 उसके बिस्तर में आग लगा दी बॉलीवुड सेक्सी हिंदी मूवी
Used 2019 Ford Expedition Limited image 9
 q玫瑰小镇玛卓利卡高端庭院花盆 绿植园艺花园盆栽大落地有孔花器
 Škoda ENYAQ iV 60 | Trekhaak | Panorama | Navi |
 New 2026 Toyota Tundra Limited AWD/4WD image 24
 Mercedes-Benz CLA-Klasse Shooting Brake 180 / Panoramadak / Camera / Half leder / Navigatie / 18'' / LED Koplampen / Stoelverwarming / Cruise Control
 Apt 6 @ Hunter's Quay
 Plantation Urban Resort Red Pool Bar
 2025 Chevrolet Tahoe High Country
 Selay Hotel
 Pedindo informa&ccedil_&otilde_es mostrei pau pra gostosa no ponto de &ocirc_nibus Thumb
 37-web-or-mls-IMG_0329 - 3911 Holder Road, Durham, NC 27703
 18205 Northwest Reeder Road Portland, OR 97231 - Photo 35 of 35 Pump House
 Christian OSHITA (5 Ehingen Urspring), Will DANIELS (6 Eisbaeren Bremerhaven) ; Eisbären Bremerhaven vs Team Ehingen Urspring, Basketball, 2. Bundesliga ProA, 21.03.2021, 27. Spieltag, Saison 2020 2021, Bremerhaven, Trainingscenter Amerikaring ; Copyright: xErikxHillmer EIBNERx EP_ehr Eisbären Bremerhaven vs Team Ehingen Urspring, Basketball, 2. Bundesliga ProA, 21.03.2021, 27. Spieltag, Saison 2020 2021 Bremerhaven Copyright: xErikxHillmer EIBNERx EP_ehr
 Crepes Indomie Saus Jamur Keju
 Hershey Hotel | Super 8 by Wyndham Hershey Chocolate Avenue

================================

What you return should be the lines from the beginning of the records through the one that contains "18205 Northwest Reeder", repeated exactly and with no additions.

 उसके बिस्तर में आग लगा दी बॉलीवुड सेक्सी हिंदी मूवी
Used 2019 Ford Expedition Limited image 9
 q玫瑰小镇玛卓利卡高端庭院花盆 绿植园艺花园盆栽大落地有孔花器
 Škoda ENYAQ iV 60 | Trekhaak | Panorama | Navi |
 New 2026 Toyota Tundra Limited AWD/4WD image 24
 Mercedes-Benz CLA-Klasse Shooting Brake 180 / Panoramadak / Camera / Half leder / Navigatie / 18'' / LED Koplampen / Stoelverwarming / Cruise Control
 Apt 6 @ Hunter's Quay
 Plantation Urban Resort Red Pool Bar
 2025 Chevrolet Tahoe High Country
 Selay Hotel
 Pedindo informa&ccedil_&otilde_es mostrei pau pra gostosa no ponto de &ocirc_nibus Thumb
 37-web-or-mls-IMG_0329 - 3911 Holder Road, Durham, NC 27703
 18205 Northwest Reeder Road Portland, OR 97231 - Photo 35 of 35 Pump House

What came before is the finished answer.